At War With The Stars And Stripes


In the summer of the year 1944, in a time of world war that is already history to my children’s generation but remains vividly personal to mine as a moment of (in retrospect) astonishing simplicity and idealism, I found myself pointing a jeep in the direction of Pisa and Florence. On the so-called forgotten front in Italy, the Wehrmacht held the northern side of these cities; the line dividing their riflemen and ours was the river Arno.

The big show of the European war was being played out on the newly opened second front in Normandy. Along the French Riviera a diversionary side show became popularly known as the champagne war. Since the German 88’s had not been informed that our Mediterranean theater had lessened in strategic importance, they were still to be reckoned with.

My windshield was down and covered with tarpaulin —any fool knew that glass reflected and could draw artillery fire or even a Luftwaffe fighter seeking a target of opportunity. I was driving along happily and singing to myself because all I needed was in that jeep: a Springfield rifle, a scrounged .25-caliber Italian automatic, two large cans of gasoline, one helmet (I wore the liner as a sunshade and the heavy steel pot, useful for shaving and washing, rattled around in the back), several days’ worth of C and K rations, five gallons of water and two canteens of vino, and—most important of all—one portable typewriter.

That little Remington was the telltale of my military trade: I was an Army correspondent for Stars and Stripes , Mediterranean. Below the masthead of two enfolded flags its only mission was inscribed: “Daily Newspaper of the U.S. Armed Forces published Monday through Saturday for troops in Italy.” Although we were occasionally enjoined to do so, we were not supposed to propagandize, publicize generals, or even inform and educate.
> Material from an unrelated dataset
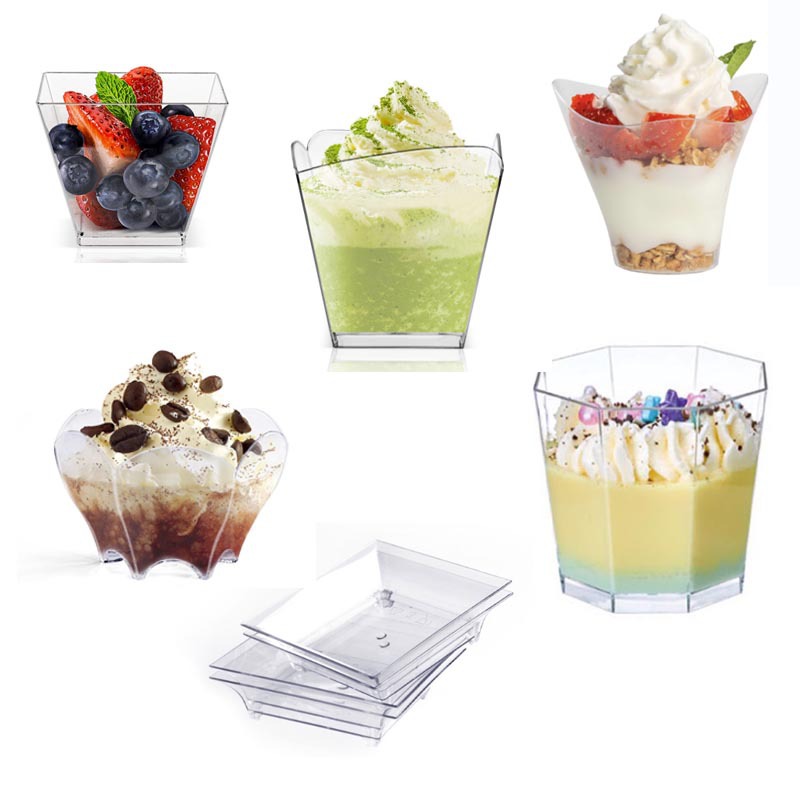 Taza cuadrada puntual Taza redonda Una variedad de tazas de postre Taza de pudín Taza de mousse Plato Cuchara de plástico desechable Amazon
Our job was to put out a newspaper as professionally as we could. Although armed, the soldier-correspondent was not necessarily expected to go looking for the enemy but instead to report about the soldiers, sailors, and airmen who did.

As I drove along the seacoast road, noticing the island of Elba at one point but without worrying about Napoleon or anyone else’s war, the parting words of one of the correspondents came to mind. “Don’t forget,” he said, “your job is to get back stories, not get yourself killed.” Two of my colleagues, Sergeants Gregor Duncan and Al Kohn, had died covering the front, and all of us were shaken up when what was an everyday occurrence in combat outfits struck home.

There were stories everywhere. My immediate problem was not to be distracted before reaching the Fifth Army’s pyramidal tents. Ernie Pyle, whose influence as the most important single reporter at home and abroad of the Second World War cannot be exaggerated, had dignified the GI and the “little picture” in his syndicated newspaper column. I recalled having a drink with Pyle near the end of the Tunisian campaign in North Africa and could see part of his strength as an ingratiating reporter. He was skinny, wet, and shivering—a civilian version of the rifleman without rank, and therefore to be trusted.

None of us on Stars and Stripes deviated very much, or cared to, from his kind of reporting. Most of our seasoned front-line reporters, such as Jack Foisie, Ralph Martin, Stan Swinton, and Paul Green, roamed the field as Pyle did, covering not only battles but the “mess-kit repair battalions” (as the stray outfits were jokingly called) that supported the infantry. When I saw a sign that intrigued me—an outfit running a GI laundry somewhere near Leghorn—I stopped briefly, made a few notes for “flashes,” chiselled some gasoline for my half-empty tank, and remembered to keep going.

After getting a tent assignment and a briefing at Fifth Army headquarters, which was located in a forest near a village somewhere between Pisa and Florence (whose name I cannot recall, though I vividly remember a long evening’s talk with the parish priest about the art of the carillonneur and how his bell ringing regulated life and death), I decided to look in on something called an “armored group.” It consisted of a self-sufficient group of tanks, artillery, engineers, and riflemen—a forerunner of the integrated, brigade-size units several chiefs of staff assumed would work for the brush-fire wars of the future.

The artillerymen appeared to be most active that afternoon. They were maintaining their franchise by firing harassing shells across the Arno. I took my names and hometown addresses, listened to the battery commander explain his “mission” in stiff Army lingo, and then accepted the captain’s invitation to try out the armored group’s mess for dinner. What happened next sticks with me as an example of the confusion that existed right in our own theater about Stars and Stripes correspondents. I immediately noticed that the two long tables were divided between field-grade officers (colonels, lieutenant colonels, and majors) and company-grade officers (captains and lieutenants). The colonel directed me to sit with him and motioned the captain to sit with his ignoble kind.